Remote Tribe Spotted from Air Near Brazil-Peru Border
By Mazen Alkhamis on May 31st, 2008 in Culture, Headlines | Add story link to StumbleUpon
Photographs from South America are being circulated all around the globe, along with the story of what’s described as an uncontacted tribe the photos depict. Survival International, an organization dedicated to helping the world’s tribal peoples reports the photos were taken during several flights over one of the remotest parts of the Amazon rainforest in Brazil’s Acre state.

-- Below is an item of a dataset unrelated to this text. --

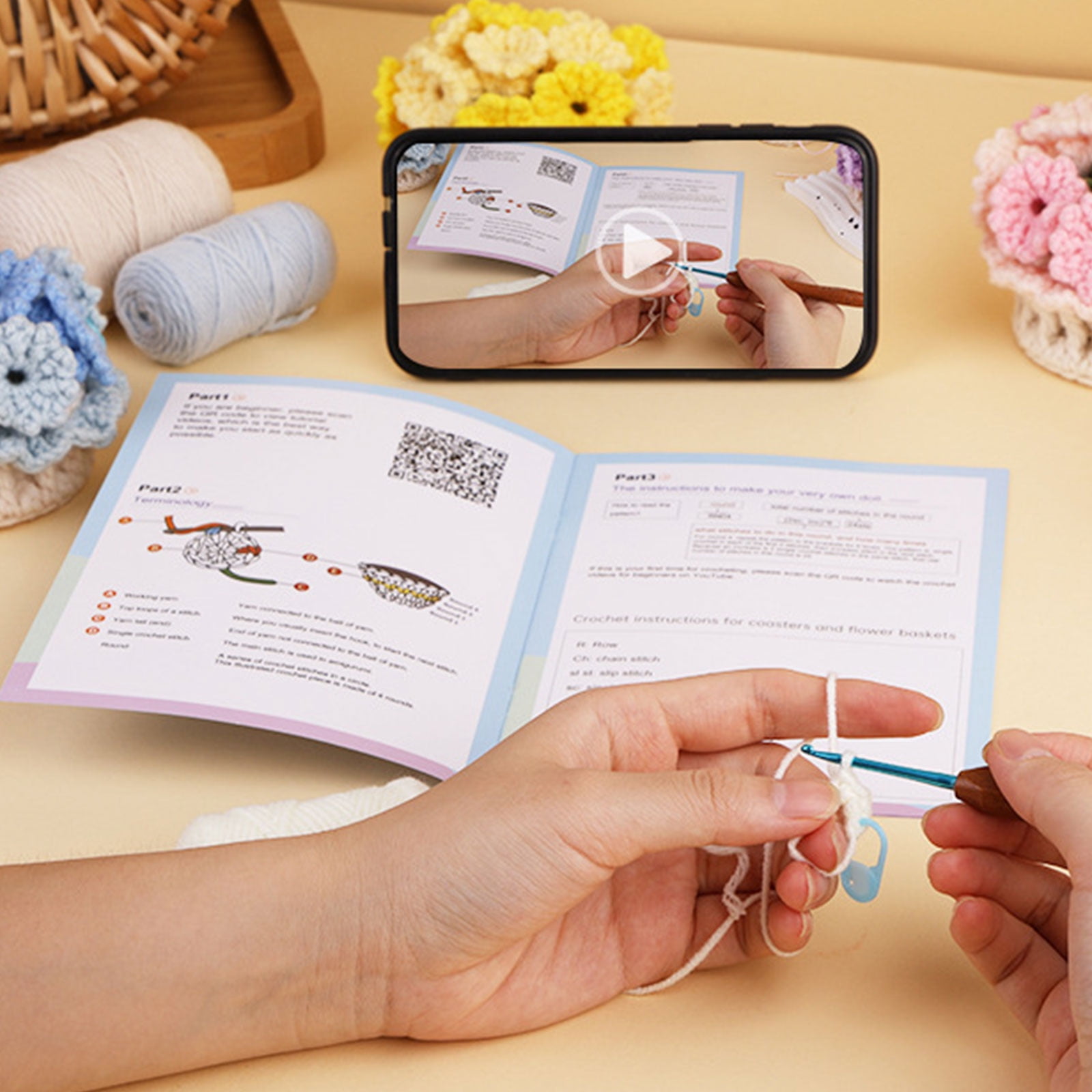 Crochet Starter with Yarn, Crochet Hook, Needle, Knitting Marker, Instruction and Crochet Accessories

‘We did the overflight to show their houses, to show they are there, to show they exist,’ said uncontacted tribes expert José Carlos dos Reis Meirelles Júnior. Meirelles works for FUNAI, the Brazilian government’s Indian affairs department. ‘This is very important because there are some who doubt their existence.’
Meirelles says that the group’s numbers are increasing. But other uncontacted groups in the region, whose homes have been photographed from the air, are in severe danger from illegal logging in Peru. Logging is driving uncontacted tribes over the border and could lead to conflict with the estimated five hundred uncontacted Indians already living on the Brazilian side.
Image above: Indians in Brazil fire arrows at airplane, May 2008
© Gleison Miranda/FUNAI
‘What is happening in this region [of Peru] is a monumental crime against the natural world, the tribes, the fauna and is further testimony to the complete irrationality with which we, the ‘civilised’ ones, treat the world,’ said Meirelles.
There are more than one hundred uncontacted tribes worldwide, with more than half living in either Brazil or Peru. All are in grave danger of being forced off their land, killed and decimated by new diseases. Survival has launched an urgent campaign to get their land protected, and a unique film narrated by actress Julie Christie.
Survival’s director Stephen Corry says, ‘These pictures are further evidence that uncontacted tribes really do exist. The world needs to wake up to this, and ensure that their territory is protected in accordance with international law. Otherwise, they will soon be made extinct.’